From shots of stunning sunsets to breathtaking images of wildlife, Wyman Meinzer captures images that elude many talented photographers. What’s his secret? Meinzer, the only official state photographer of Texas photographer and an instructor at Texas Tech University, often tells his students, “Your eyes may be better than mine, but I can see better than you.”
Meinzer was the opening presenter at the National Council for Marketing and Public Relations (NCMPR) Annual Conference held March 24-26 in the Texas Hill Country of San Antonio. As coordinator of media relations at Springfield Technical Community College, I take photos of a variety of campus events, so I was excited to hear Meinzer speak at the conference about how he was able to create such beautiful images. It’s often a matter of being at the right place and at the right time. That could mean getting up at 3:30 in the morning and driving hundreds of miles to capture a moment. (See some of Meinzer’s favorite images).

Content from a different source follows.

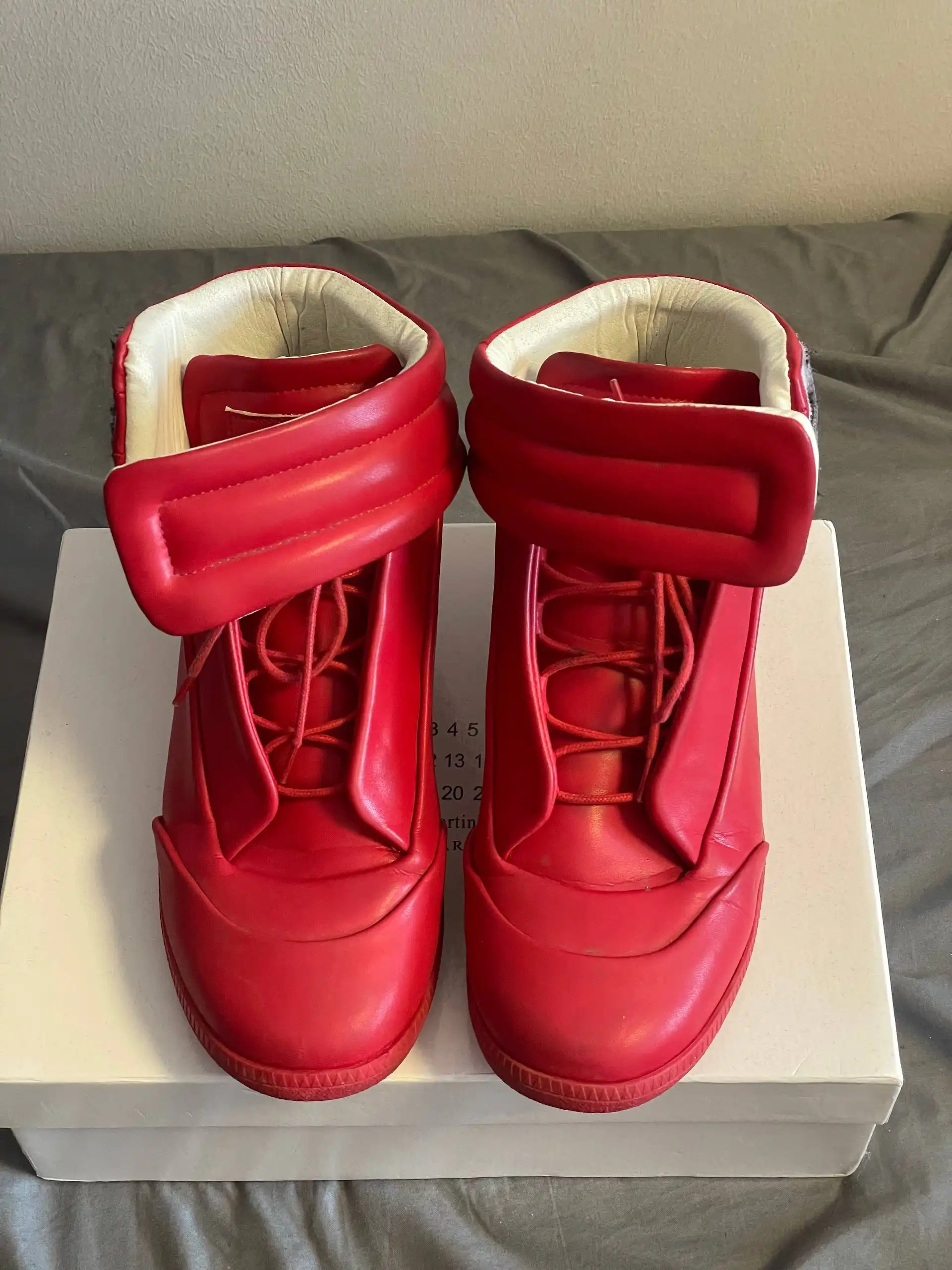 Продам обувь в Хабаровске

But the conference – titled “Hitch Up the Brand Wagon” – offered much more than a chance to learn the secrets of a top-notch photographer. It was also a chance for community college marketing professionals to share their ideas.
In my role, I craft press releases, take photos, and manage STCC’s social media, among other responsibilities. I wanted to hear what other community college marketers do in roles similar to mine. So, I chose breakout sessions that were in my wheelhouse.
One session was designed to help us find the best ways to reach students – and prospective students – through digital marketing. The presenters, who worked at a college in Texas, suggested conducting surveys of students. Invite them to sit down for pizza and understand their point of view.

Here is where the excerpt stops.